As well as generating graphs, you can use the website to download data and then graph the data in Excel™ as I have done for the graph at the top of the page.
I don’t fully understand where the data in the Daily Mail graphic comes from. They appear to have picked only recent data and included monthly data rather than annual averages to increase the noise and de-emphasise the obvious trend in the data.
The background colouration in the Daily Mail graphic implies that the high temperatures are all associated with the El Nino conditions. This is not correct. As the graphic below (from skeptical science) shows, years with and without an El Nino are all showing a warming trend.

An animated file showing global surface temperatures in El Nino years, La Nina years, and neutral years.
For the technically-minded reader, this article from Victor Venema may help.
The Trend
What struck me as shocking was what happened when I set the smoothing of the data to 20 years – so that the trend represented a trend in climate rather than annual or multi-annual fluctuations.
In the figure below I show the data for the land and ocean mean temperature anomaly and the red line shows the smoothing with a 20-year running average. Since 1980 – which was 36 years ago – the data is essentially a straight line.

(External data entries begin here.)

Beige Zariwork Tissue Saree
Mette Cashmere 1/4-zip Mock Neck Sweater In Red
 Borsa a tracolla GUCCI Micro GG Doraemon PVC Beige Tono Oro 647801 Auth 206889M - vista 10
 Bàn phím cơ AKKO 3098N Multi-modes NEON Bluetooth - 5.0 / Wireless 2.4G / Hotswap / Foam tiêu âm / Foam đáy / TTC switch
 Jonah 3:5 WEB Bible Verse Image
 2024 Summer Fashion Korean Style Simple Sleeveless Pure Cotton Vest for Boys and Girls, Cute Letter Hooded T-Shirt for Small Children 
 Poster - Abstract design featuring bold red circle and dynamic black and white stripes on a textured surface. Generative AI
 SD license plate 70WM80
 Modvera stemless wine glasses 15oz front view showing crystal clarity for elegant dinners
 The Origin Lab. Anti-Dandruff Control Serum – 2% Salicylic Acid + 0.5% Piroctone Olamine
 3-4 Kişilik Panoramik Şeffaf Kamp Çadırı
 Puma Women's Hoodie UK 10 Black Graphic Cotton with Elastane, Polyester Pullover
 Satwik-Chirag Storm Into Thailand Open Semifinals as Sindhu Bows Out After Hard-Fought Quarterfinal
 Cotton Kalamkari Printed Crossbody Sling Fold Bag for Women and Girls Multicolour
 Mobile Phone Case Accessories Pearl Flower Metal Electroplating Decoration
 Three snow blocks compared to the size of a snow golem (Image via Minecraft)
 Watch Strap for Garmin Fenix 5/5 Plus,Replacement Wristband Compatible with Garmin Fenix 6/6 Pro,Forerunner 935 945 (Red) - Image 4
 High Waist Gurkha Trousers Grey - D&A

The estimated change in the temperature of the air above the oceans and the land. The red line shows a smoothed version of the annual data with a 20-year window to reflect changes in climate rather than the internal fluctuations of the Earth’s complex weather systems. Notice that since 1980 , the smoothed line is essentially straight with a gradient of approximately 0.017 °C per year. Source: NASA-GISS: see article for details
What if…
Friends, just suppose that NASA had spotted not a global warming trend, but an asteroid headed straight for Earth. Suppose they calculated it would not destroy civilisation, but it would nonetheless be devastating: its tidal disturbance would cause widespread floods
Would we want to know? Well Yes!
Now suppose that the entire world got together in, say, Paris, and developed a plan to deflect the asteroid. The plan would be expensive and risky – costing about 1% of global GDP – but after about 100 years of effort we would be freed from the risk of a collision.
Would we follow the plan? Well Yes!
Friends, Global warming is equivalent in its impact to an asteroid headed to Earth, and the Paris Accord, while inadequate in itself, represents the start of a plan in which the disparate governments of Earth have agreed to slow development (that brings direct benefit to their citizens) in order to tackle this threat.
Please don’t let the Daily Mail deceive you into thinking global warming is not happening: it is. It is happening slowly – 0.017 °C per year – and the odd year of inaction makes no difference.
But year upon year of inaction condemns us to a fate that is out of our control.
Tags: Climate Change, Daily Mail
December 3, 2016 at 11:09 pm |
I don’t fully understand where the data in the Daily Mail graphic comes from.
The Daily Mail does not show the surface temperature, but the tropospheric temperature estimated by satellites and of those datasets the most buggy one. Only this dataset and after selecting the “right” months shows the large downward jump. The producer of this dataset cautions its use, he has just updated his other dataset for some problems and also this dataset contains these problems.
Friends, just suppose that NASA had spotted not a global warming trend, but an asteroid headed straight for Earth. …
Would we want to know? Well Yes! …
Would we follow the plan?
Would it land in America or Africa? For small, but vocal part of the population that makes a difference.
December 6, 2016 at 9:20 pm |
I have this theory that the Daily Mail regularly misrepresents science with silly stories, so that when they publish tripe like this their readers are more likely to believe it – because they’re busy thinking “scientists don’t know what they’re talking about, so clearly this global climate change is nonsense”.
December 6, 2016 at 9:24 pm |
I don’t know if that’s true, but there has to some reason they publish this nonsense!